Seit der spektakulären Wende nach der neuerlichen Auszählung der Parteitagsstimmen, die ihn zum neuen SPÖ-Vorsitzenden gemacht hatte, läuft sein Leben im Stakkato ab. Er ist "on fire". Ein Interview reiht sich ans nächste, es folgen Beratungen im Vertrautenkreis in Permanenz und seine Kritiker graben bereits in der Vergangenheit nach dunklen Flecken des Andreas Babler.  Er sei seit Tagen de facto rund um die Uhr "24/7" unterwegs, sagte der neue SPÖ-Chef am Samstag im Ö1-"Mittagsjournal".

Die Angriffe, er sei zu links, zu radikal, fechten ihn nicht an. "Ich hab klare Positionen, eine klare authentische Sprache, das ist man offensichtlich nicht mehr gewohnt", sagt Babler. Es bereite "vielen Unbehagen, die auf der anderen Seite des Systems stehen". Er werde jetzt "mit viel Oberflächlichkeiten" politisch eingeordnet. Auch als Linkspopulist und "Kickl im marxistischen Gewand". "Ich bin Sozialdemokrat", entgegnet Babler einmal mehr. Es gehe unter anderem darum, Kinder aus der Armut zu holen, für leistbaren Wohnraum zu sorgen, die Inflation, "die von der Profitgier der Großkonzerne" mitverursacht werde, zu bekämpfen. "Wenn das radikal ist, kann ich gut damit leben", sagt der SPÖ-Vorsitzende.

Babler auf Touren
Seit seiner Wahl zum SPÖ-Vorsitzenden ist Andreas Babler "on fire", ständig auf Tour, von einem Interview zum nächsten.
Apa: Georg Hochmuth

Häuslbauerpartei

Es gehe auch um die Vermögenssteuer, die nicht nur eine Zuwachs-, sondern auch eine echte Substanzbesteuerung sein soll. Fünf Milliarden Euro seien da zu holen plus 650 Millionen im Jahr an Erbschaftssteuer, rechnet er abermals vor. Die Steuerpolitik solle ein Hebel sein für mehr Gerechtigkeit. Je mehr Vermögen desto höher die Besteuerung bis auf ein Prozent. Das sei auch eine Koalitionsbedingung, bekräftigte Babler, "sonst ist ja überhaupt nichts umsetzbar".
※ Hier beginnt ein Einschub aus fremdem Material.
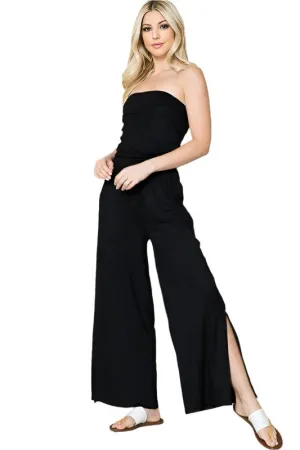 TEEK - Black Wide Leg Side Pocketed Jumpsuit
Und auch die Erbschaftssteuer müsse kommen, bekräftigte der SPÖ-Chef. Aber: "Das ist keine Häuslbauersteuer. Wir sind die Partei der Häuslbauer." Die ältere Generation habe sich mühevoll Eigenheime aufgebaut. Daran dürfe nicht gerüttelt werden. "Wir garantieren der Generation, dass sie die Häuser steuerfrei weitergeben kann. Bis zu einer Million ist man safe, dann steigts progressiv. Heidi Horten und Mateschitz: Da einzugreifen ist Gerechtigkeit", sagt Babler.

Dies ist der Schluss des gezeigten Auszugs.